The two PMIs, both released on Tuesday, are among the earliest
available indicators to gauge the country's manufacturing sector
operating conditions in the first quarter.
The official PMI for March, compiled by the National Bureau of
Statistics and the China Federation of Logistics and Purchasing,
edged up 0.1 percentage points from February to 50.3. The reading,
the first rise since November, is just above 50 -- the
expansion/contraction watershed.
The HSBC/Markit PMI, which sampled small- and medium-sized
enterprises, dipped to an eight-month low of 48 in March, from a
final reading of 48.5 in February. It also signals the sharpest
fall of output since November 2011.
In fact, many economic figures released so far this year --
including industrial production, fixed asset investment and housing
sales for the first two months -- were all weaker than
forecasts.
For instance, industrial production growth in the Jan.-Feb.
period dropped by 1.4 percentage points to 8.6 percent year on
year. This is the lowest reading since April 2009.
Apart from lukewarm macro data, media reports over possible
corporate defaults by two companies in East China -- Shanghai
Chaori and Zhejiang Xingrun -- added to concerns over credit
defaults and shadow banking.
Indeed, it is fair to say there is an economic slowdown. But
there will be no "Minsky Moment" for China as some Western
economists claim.
The phenomenon is named after late U.S. economist Hyman P.
Minsky, who claimed that periods of rising asset valuation lead to
speculation with borrowed debt, only to end in crisis.
This term sounds familiar. Like "Lehman Moment" and "Bear
Stearns Moment", it is another American financial crisis lexicon
which a few Western economists have borrowed to describe
"difficulties and risks" faced by the Chinese economy, as Chinese
Premier Li Keqiang put it.
While it might be too early to say that China could achieve its
annual growth target of 7.5 percent, and there might be additional
defaults of individual financial products, fears of a Minsky Moment
are overstated.
China is not liable to any systemic financial risks given the
Chinese government's strong fiscal capacity, the banking system's
ample domestic funding, and state ownership interest in banks.
For China's economy, improving external demand and solid
domestic consumption are sources of support for growth. Deepening
reforms are also expected to inject dividends into the economy.
China's real exports in 2014 are set to recover on the back of
better growth in the United States and Europe, despite a relatively
strong Renminbi and weak emerging markets. Fast increase in the
sub-index for new export orders in March's HSBC and official PMIs,
both of which stayed above 50, testified to this.
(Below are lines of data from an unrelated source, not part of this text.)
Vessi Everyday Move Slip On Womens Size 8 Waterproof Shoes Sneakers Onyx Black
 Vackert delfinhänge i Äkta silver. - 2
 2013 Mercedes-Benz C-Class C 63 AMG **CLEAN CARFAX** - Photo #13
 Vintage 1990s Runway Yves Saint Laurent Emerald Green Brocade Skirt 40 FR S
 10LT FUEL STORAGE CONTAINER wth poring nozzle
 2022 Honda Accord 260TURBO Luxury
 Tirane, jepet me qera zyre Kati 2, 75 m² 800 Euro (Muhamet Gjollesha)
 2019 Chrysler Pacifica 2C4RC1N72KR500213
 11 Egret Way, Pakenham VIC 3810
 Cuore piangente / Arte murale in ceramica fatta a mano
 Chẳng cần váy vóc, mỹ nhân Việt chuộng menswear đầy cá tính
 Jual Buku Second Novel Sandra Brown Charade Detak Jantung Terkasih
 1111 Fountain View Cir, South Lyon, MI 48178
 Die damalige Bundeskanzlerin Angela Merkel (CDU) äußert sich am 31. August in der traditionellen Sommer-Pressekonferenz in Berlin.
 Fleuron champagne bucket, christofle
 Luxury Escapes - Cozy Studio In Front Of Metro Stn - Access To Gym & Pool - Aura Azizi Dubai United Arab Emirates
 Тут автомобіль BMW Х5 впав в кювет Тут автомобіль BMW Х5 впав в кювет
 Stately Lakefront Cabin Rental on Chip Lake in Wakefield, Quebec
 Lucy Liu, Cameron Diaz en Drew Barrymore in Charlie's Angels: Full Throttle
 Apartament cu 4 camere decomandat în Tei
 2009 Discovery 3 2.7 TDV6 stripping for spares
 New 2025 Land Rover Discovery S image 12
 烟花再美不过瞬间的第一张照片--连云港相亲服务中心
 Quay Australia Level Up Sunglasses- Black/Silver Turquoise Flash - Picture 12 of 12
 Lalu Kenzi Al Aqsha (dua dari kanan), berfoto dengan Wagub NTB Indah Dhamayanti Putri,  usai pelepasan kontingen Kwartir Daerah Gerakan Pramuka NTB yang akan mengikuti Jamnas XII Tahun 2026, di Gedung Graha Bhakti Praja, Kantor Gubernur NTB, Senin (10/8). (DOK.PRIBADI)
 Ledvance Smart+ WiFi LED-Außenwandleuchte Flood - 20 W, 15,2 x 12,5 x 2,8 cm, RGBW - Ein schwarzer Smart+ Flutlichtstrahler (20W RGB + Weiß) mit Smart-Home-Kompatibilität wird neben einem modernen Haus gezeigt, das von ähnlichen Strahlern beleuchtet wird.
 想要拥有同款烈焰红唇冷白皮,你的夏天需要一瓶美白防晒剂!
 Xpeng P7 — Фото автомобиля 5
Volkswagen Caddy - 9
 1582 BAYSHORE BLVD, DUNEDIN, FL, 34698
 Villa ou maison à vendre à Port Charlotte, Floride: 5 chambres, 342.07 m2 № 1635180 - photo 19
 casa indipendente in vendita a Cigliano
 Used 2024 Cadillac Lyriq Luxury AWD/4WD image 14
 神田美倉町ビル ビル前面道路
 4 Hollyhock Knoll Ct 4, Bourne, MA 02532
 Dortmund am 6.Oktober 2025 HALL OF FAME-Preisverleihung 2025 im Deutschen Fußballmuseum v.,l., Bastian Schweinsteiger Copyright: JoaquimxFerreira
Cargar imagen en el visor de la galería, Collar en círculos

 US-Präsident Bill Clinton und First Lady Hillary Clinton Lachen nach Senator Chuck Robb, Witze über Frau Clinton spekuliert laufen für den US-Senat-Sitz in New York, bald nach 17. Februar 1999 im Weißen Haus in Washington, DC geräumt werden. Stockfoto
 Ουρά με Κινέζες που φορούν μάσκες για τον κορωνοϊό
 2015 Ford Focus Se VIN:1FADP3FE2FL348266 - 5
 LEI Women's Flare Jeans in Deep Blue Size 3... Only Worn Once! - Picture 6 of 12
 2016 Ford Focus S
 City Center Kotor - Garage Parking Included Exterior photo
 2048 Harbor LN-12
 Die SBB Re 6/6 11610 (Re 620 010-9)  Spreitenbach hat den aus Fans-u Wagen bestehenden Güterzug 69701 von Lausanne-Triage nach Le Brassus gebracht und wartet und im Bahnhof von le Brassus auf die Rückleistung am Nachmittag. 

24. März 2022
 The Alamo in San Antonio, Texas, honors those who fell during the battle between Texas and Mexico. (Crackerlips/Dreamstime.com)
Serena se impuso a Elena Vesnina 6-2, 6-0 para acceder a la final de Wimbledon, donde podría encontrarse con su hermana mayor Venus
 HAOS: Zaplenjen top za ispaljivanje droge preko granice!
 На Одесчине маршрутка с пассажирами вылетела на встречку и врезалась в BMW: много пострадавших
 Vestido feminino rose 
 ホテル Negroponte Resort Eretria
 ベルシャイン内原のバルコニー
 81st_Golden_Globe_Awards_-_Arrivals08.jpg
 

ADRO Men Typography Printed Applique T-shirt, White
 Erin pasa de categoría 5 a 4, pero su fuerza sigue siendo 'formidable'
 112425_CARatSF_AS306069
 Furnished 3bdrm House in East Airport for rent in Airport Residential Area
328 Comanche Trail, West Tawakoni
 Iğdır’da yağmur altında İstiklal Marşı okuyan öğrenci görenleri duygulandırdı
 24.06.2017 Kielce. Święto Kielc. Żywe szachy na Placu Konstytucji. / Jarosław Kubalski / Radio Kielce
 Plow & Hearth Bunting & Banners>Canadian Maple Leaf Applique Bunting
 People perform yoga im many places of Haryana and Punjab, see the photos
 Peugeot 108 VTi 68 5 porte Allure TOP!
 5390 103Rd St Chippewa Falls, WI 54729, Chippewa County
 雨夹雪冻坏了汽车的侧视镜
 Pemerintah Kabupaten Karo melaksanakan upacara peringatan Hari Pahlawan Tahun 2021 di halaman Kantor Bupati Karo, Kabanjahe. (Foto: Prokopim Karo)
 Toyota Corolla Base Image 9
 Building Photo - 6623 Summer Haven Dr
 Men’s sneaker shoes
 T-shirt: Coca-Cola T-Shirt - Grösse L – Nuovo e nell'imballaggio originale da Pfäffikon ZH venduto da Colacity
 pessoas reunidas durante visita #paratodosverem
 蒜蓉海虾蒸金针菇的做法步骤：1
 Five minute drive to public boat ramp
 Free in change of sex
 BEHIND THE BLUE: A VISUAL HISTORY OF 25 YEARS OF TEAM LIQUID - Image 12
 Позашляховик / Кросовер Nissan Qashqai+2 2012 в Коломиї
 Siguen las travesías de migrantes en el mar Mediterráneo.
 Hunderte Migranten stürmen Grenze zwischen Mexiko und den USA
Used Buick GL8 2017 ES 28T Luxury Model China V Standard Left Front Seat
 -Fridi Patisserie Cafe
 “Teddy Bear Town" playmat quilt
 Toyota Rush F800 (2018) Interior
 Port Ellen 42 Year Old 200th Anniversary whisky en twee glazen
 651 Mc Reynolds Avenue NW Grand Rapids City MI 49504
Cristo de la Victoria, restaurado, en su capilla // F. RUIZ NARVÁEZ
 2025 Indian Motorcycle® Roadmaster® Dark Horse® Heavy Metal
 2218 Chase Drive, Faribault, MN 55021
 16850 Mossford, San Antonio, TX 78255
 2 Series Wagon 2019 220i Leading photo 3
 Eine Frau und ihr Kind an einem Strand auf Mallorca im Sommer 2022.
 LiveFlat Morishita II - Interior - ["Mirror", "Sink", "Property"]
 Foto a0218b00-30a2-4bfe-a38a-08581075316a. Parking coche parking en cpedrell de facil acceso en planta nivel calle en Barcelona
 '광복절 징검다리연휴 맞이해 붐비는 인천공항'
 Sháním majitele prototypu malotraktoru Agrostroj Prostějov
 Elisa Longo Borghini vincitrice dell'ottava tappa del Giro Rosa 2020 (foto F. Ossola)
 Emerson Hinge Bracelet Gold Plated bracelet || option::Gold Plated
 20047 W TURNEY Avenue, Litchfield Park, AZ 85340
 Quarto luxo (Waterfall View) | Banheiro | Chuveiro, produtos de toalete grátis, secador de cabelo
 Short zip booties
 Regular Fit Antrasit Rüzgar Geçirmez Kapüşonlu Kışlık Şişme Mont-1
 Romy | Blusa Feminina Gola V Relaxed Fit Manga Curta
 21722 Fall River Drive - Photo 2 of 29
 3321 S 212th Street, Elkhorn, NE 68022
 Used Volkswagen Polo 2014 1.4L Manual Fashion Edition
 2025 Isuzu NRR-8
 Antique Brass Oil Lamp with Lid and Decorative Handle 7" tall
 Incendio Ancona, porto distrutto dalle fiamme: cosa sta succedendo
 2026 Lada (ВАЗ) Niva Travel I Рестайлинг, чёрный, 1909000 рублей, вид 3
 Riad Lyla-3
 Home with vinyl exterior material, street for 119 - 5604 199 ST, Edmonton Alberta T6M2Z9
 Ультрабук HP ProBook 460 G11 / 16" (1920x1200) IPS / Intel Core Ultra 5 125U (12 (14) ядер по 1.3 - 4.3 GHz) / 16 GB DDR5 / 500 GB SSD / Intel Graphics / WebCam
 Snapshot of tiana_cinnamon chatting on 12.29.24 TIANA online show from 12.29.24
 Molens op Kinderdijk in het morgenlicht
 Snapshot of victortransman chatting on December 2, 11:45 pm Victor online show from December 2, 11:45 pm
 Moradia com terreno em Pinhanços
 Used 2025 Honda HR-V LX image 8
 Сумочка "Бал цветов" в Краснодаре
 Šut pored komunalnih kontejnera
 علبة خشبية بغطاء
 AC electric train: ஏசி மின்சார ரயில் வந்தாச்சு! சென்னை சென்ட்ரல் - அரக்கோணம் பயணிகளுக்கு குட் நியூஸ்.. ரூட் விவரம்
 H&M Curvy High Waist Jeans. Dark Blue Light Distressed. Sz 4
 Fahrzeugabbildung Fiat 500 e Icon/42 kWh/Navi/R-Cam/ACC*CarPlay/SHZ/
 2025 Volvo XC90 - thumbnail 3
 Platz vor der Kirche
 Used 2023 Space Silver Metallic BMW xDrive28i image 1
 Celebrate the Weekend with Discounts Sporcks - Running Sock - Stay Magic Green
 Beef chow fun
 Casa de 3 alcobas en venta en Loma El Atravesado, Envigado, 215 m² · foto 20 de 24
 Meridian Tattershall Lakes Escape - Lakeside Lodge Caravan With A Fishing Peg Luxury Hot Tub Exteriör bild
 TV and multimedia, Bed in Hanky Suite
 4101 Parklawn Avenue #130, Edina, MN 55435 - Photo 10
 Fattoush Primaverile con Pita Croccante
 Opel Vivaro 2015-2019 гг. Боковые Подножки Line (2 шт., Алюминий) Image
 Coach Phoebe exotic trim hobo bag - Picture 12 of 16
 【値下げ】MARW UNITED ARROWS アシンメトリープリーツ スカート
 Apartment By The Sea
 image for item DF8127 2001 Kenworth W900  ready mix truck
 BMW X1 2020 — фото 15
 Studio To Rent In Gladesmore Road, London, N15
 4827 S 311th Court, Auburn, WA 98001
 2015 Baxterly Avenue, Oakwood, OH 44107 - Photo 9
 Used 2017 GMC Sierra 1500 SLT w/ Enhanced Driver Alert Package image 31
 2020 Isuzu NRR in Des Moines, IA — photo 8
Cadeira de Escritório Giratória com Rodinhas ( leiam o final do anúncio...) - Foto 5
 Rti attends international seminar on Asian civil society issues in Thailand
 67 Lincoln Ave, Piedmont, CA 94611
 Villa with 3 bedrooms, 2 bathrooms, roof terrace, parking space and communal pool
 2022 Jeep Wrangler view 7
Exports, along with consumption and investment, have been one of
the three main drivers for China's growth. External demand supports
about 12 percent of the country's GDP and absorbs some 35 percent
of industrial output.
Economists believe that net exports are expected to contribute
positively to China's GDP growth in 2014, for the first time in
four years.
Consumption is predicted to see firmer growth this year since
base effects become more favorable a year after public consumption
controls. Moreover, steady wage growth and the expansion of the
social security network are set to support private consumption.
The government's reform measures, as promised, could be growth
supportive if they help improve efficiency. Over the past 30 years,
economic reforms have been able to boost China's GDP and its
potential significantly.
It is also worth mentioning that China's economy sometimes
marches to the beat of its own drummer. Economic activity in the
beginning of the year tends to be slow and macro data are often
distorted by the Chinese New Year holiday. So, economists should be
cautious when using them to predict the rest of the year.